We talk about happiness and look for it, and strive for it throughout our entire live without ever finding it, and without even suspecting that there is something that is beyond happiness – something that comes before it. There exists something more precious and even more rare – an indispensable and essential ingredient, a ‘sine qua non’ condition to achieve it. In order, however, to explore this ingredient and discover what is preventing a man from being happy, we have to clear the ground from many prejudices, false convictions and second-end ideas about happiness.

The right to happiness 
America was discovered in 1492, but was ‘invented’ on July 4th, 1776 when a splinter of human intelligence, a fragment of eternity, inserted “happiness” among the Civil Rights in the Declaration of Independence.
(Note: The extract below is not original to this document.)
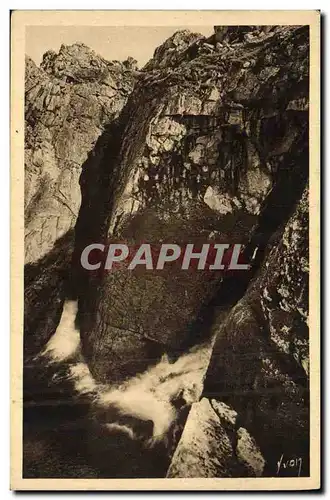 Ansichtskarte AK La Pointe du raz Finistere Les tunnels de l enfer de Plogoff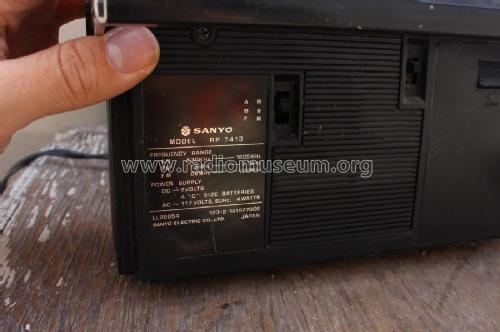 Stereocast AC/Battery IC RP7413; Sanyo Electric Co. (ID = 2291617) Radio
This idea transformed happiness, for the first time in human history, from a visionary concept, from fantastic aspiration or wishful thinking, to natural right – inalienable and inviolable to humanity and reason. We hold these Truths to be self-evident, that all Men are created equal, that they are endowed by their Creator with certain unalienable Rights, that among these are Life, Liberty and the pursuit of Happiness. When Jefferson spoke of pursuing happiness, he had nothing vague or private in mind. He meant a public happiness, which in his thinking was not only measurable and achievable, but it was the very reason for being and justification for any government.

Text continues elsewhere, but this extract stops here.